Concepts with an VALID_END_DATE <= NOW() and INVALID_REASON IS NULL

I had previously been under the impression that if a concept were to be “invalid”, it’d have the “invalid_reason” populated and the “valid_end_date” set to the date of deprecation; and similarly that if a “valid_end_date” is NOT the default of 2099-12-31 then we would expect for the “invalid_reason” to be populated.

Today I was surprised to discover that this query (on vocabulary v5.0 27-FEB-25):

select 
    vocabulary_id, 
    standard_concept,
    count(*)
from 
    vocab.concept
where 
    invalid_reason is null 
    and valid_end_date <= now()
group by 
    vocabulary_id,
    standard_concept
;

returns these results:

vocabulary_id standard_concept count
CMS Place of Service S 1
CMS Place of Service 3
CPT4 C 324
CPT4 S 1719
CPT4 431
HCPCS S 3028
HCPCS 969
ICD10PCS S 4745
ICD10PCS 29
ICD9Proc S 5
ICD9Proc 1

At first I was worried that something had gone awry in our version of the vocabularies, but I ultimately discovered a forums post describing why this happened for ICD10PCS: ICD10PCS: bringing back deprecated codes. In the post, there’s a comment that also alludes to this being the case for CPT4 and HCPCS.

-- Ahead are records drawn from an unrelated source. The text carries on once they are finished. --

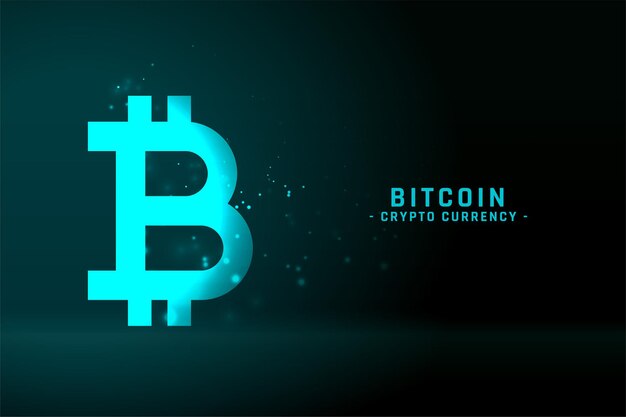 Bitcoin-technologieachtergrond in gloeiende blauwe kleur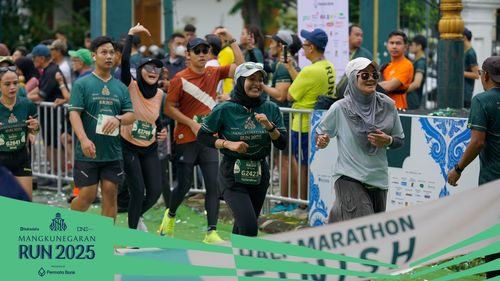 Race photo from Mangkunegaran Run 2025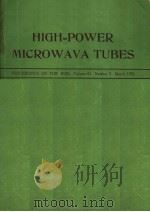 HIGH-POWER MICROWAVA TUBES  VOLUME 61 NUMBER 3（ PDF版）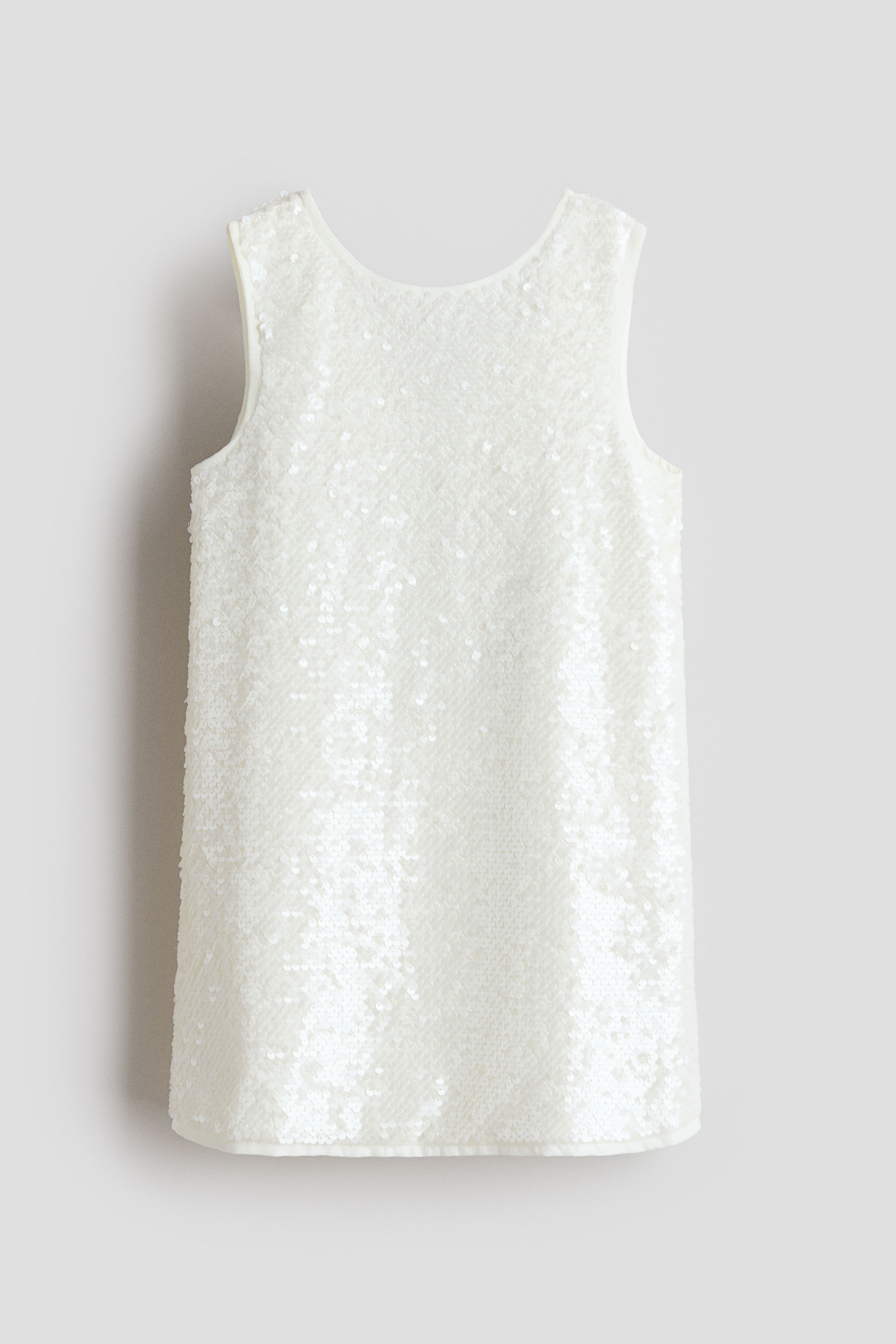 Bow-Detail Sequined Dress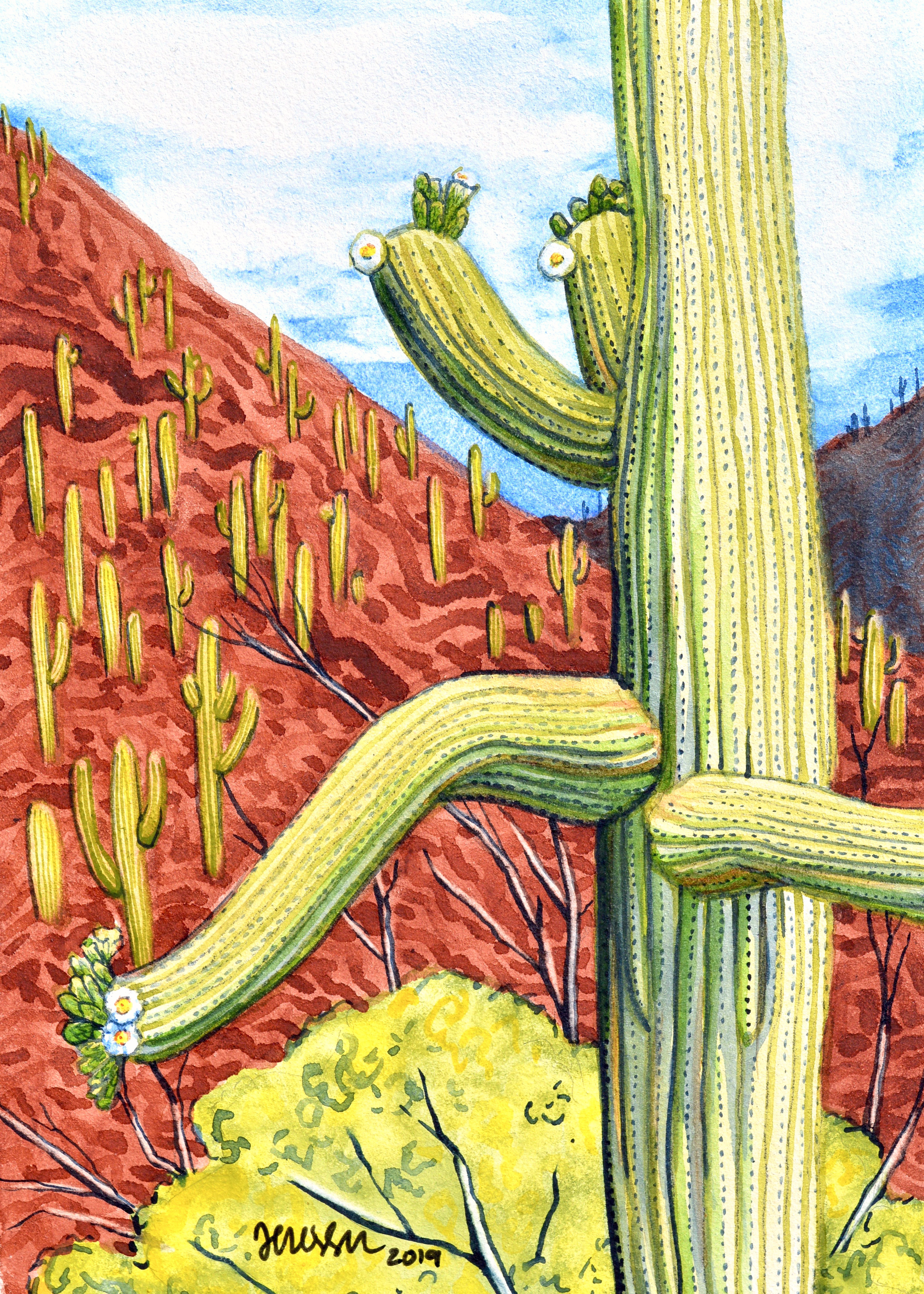 “Open Arms” 5x7” watercolor on Aquabord For sale as of this blog posting - visit my online shop to purchase.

My colleague wisely thought to consult the Book of OHDSI and found that Chapter 5 has this documented:

  • Reused code for another new concept
    • Description: The vocabulary reused the concept code of this deprecated concept for a new concept.
    • VALID_START_DATE: Day of instantiation of concept, if that is not known day of incorporation of concept in Vocabularies, if that is not known 1970-1-1.
    • VALID_END_DATE: Day in the past indicating deprecation, or if that is not known day of vocabulary refresh where concept in vocabulary went missing or set to inactive.
    • INVALID_REASON: “R”

However, I can’t find any other documentation referencing the use of “R” – and I’m only seeing values of D, U and NULL in the field (at least, for the vocabularies we’ve downloaded).

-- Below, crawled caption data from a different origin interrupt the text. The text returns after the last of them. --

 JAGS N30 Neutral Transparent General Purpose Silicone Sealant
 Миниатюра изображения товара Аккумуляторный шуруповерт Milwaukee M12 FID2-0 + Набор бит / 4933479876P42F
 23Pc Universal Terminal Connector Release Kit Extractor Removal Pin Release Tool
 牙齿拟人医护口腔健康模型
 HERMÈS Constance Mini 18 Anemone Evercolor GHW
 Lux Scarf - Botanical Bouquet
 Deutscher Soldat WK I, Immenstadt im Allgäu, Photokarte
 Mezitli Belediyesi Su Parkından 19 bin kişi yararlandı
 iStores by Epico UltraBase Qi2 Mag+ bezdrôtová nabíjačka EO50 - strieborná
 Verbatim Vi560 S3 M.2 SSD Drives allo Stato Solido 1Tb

So I have a couple of questions:

  • Are these concepts I’ve flagged instances where the source vocabularies “replaced” / “reused” their own codes?
  • Should these have invalid_reason = 'R'?
  • Could we update documentation to make this clearer for future folks? :slight_smile:

Thanks!

Hi Will!
Reuse (by the source) and resurrection (in OMOP) are different problems.
Those that you found were not reused, and therefore should not be marked with “R”.
But those that should are not at the moment because this change wasn’t implemented yet. So the Book of OHDSI is not that outdated. In this case it describes the future :grinning:

This article should help.

Hi Alexander!

Thanks for the quick response - this is helpful. Good to know about the Book of OHDSI describing the desired future state!

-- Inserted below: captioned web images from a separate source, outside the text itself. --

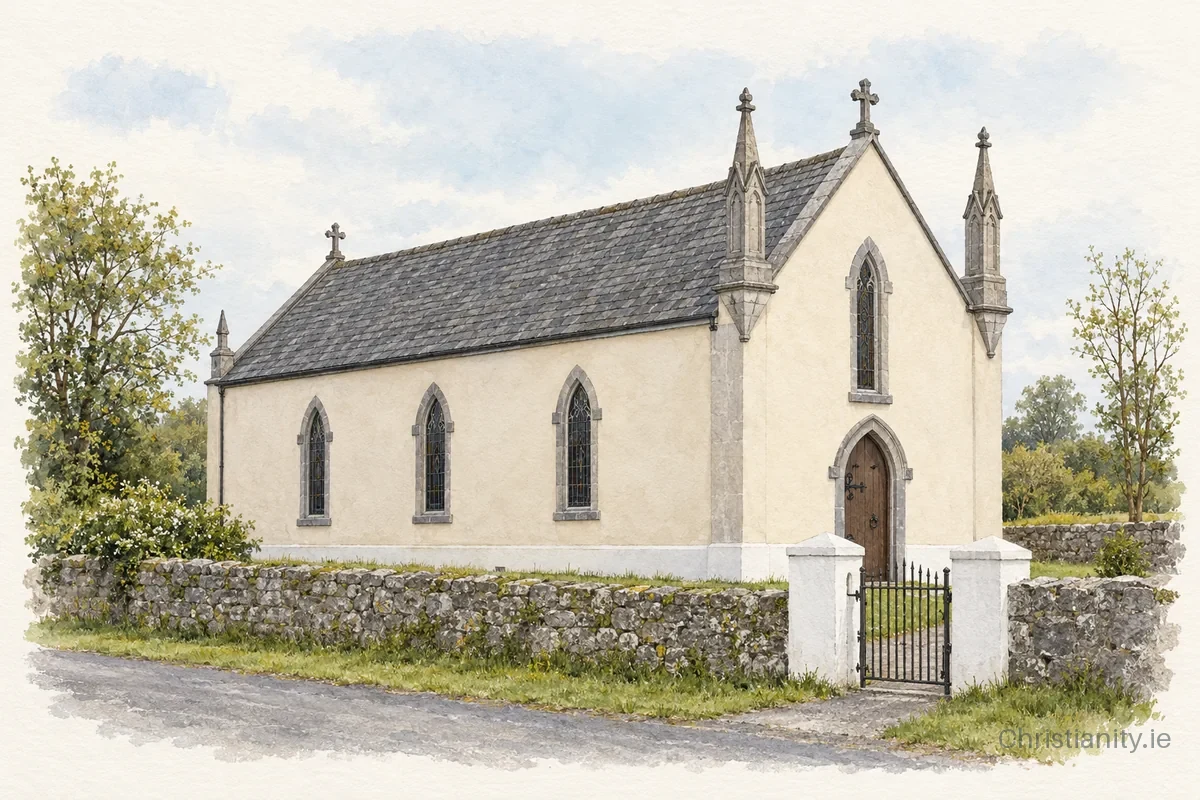 Watercolour and ink illustration of St Mary’s Church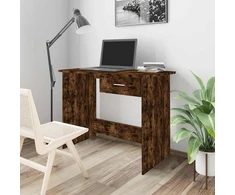 Rašomasis stalas, dūminio ąžuolo, 100x50x76cm, apdirbta mediena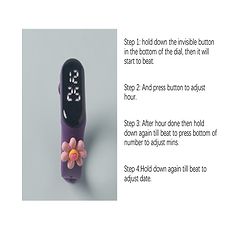 Babyhug Carrot Applique Digital Watch Free Size - Purple
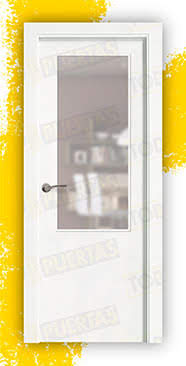 Puerta Block Aligerada Blanca Mod. Kenia ZV1
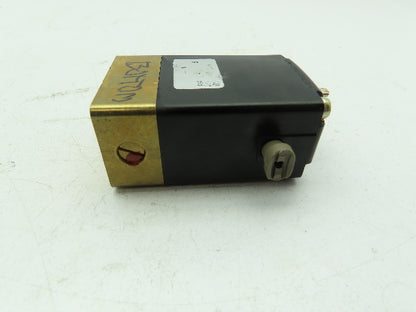 Burkert 0331 C 1/8 FPM BR Solenoid Vacuum Valve 120V 8W 87 PSI
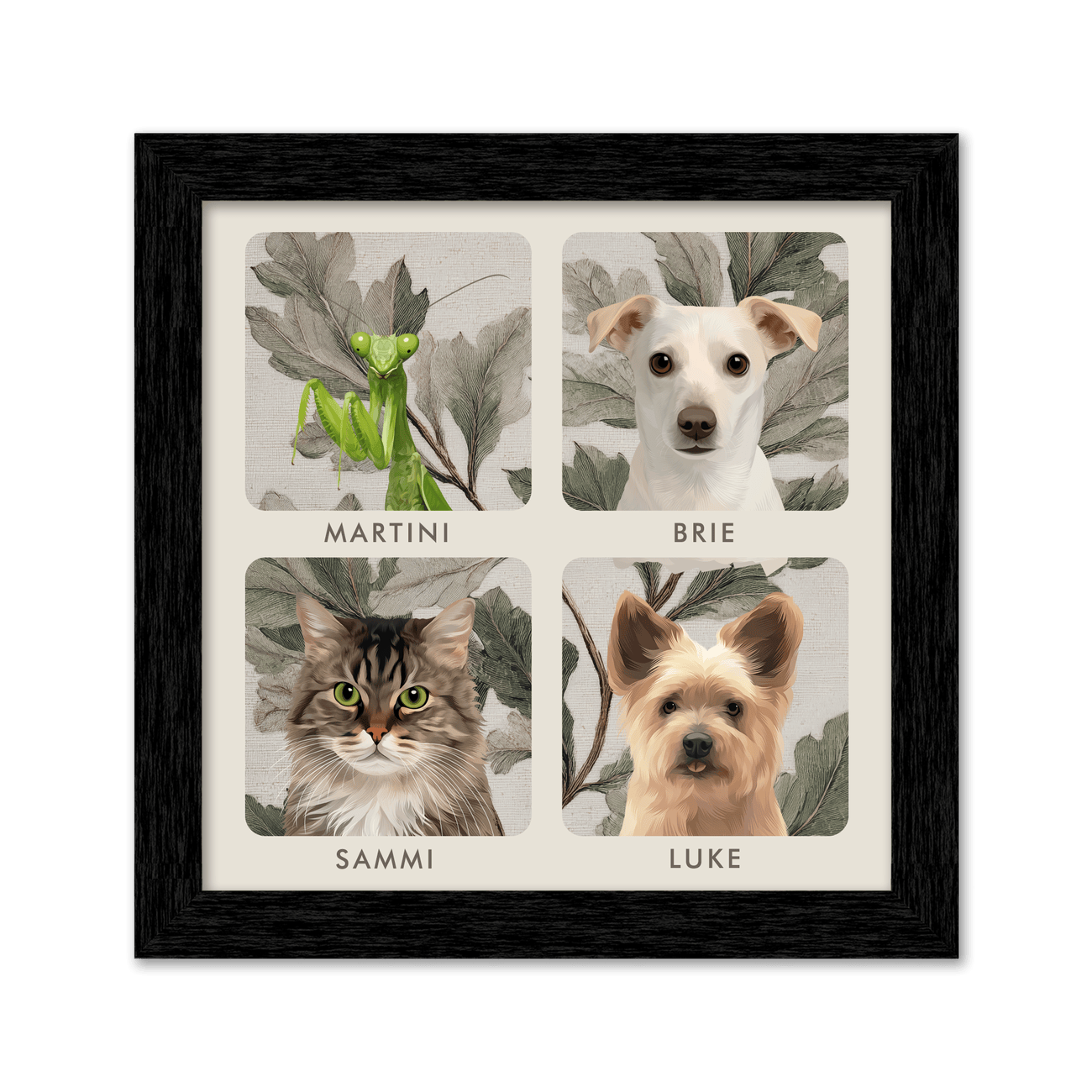 4pet-portrait-square-vintagebotanicaloakleaves-blackframe.png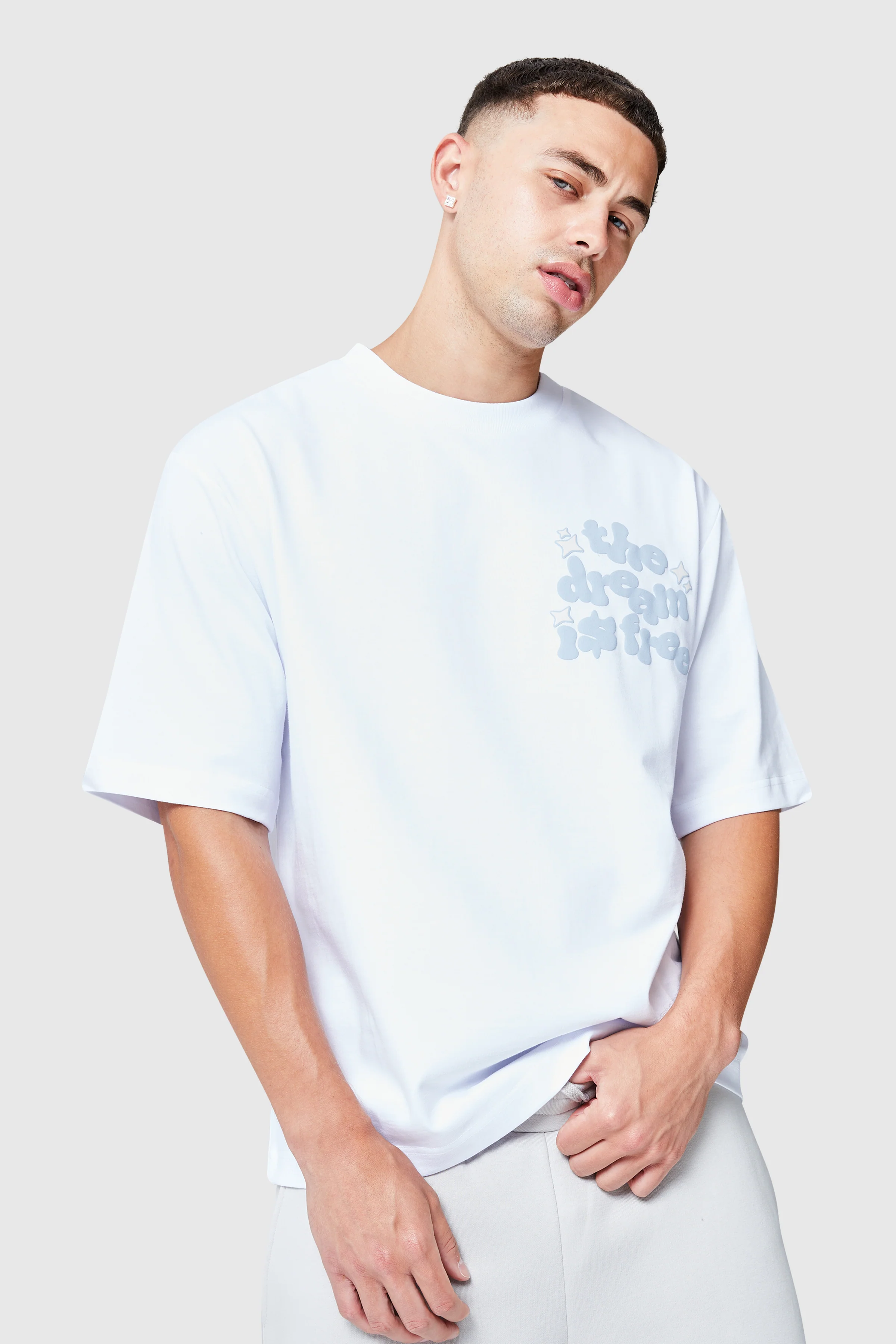 Dream Is Free 2.0 Twinset - White/Grey - Image 7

For the “zombies” that is helpful - I think I’m understanding the distinction. My question is the github article specifically calls out that these concepts should have standard_concept = 'S'. But I’m seeing instances where they are non-standard or classification. I can see how the same logic applies to the classification concepts, but I’m not sure about the non-standard. Is there a reason those fall into the category of having invalid_reason as NULL?

@wtroddy Good catch!
These are one-legged zombies.
It happens because the decisions to make concepts zombies are applied on the vocabulary level.
What happens next on individual vocabulary run is:

  • we make them zombies (Standard and valid even though the end_date is in the past)
  • some of these zombies got mappings to the proper Standard targets which makes them non-Standard
  • but we still leave them valid even though we don’t need the rule exception anymore
  • the generic_update function on the integration step passes them through because it believes they’re true zombies.

@m-khitrun we need to fix that at some point. Don’t you mind creating the github issue?

1 Like

Hi!

@wtroddy thank you for reporting this. @Alexdavv sure, we need to fix this.

Thanks, Alexander! That makes perfect sense how they came to be. Looking forward to the future fix for this.

Just a thought - I know there’s some discussion about a Book of OHDSI 2.0, it might be worthwhile to think about how to incorporate some of the topics from the vocabulary github wiki or at least point to the additional resource. :slight_smile:

Hi @Christian_Reich @sseager Do you have it on your list?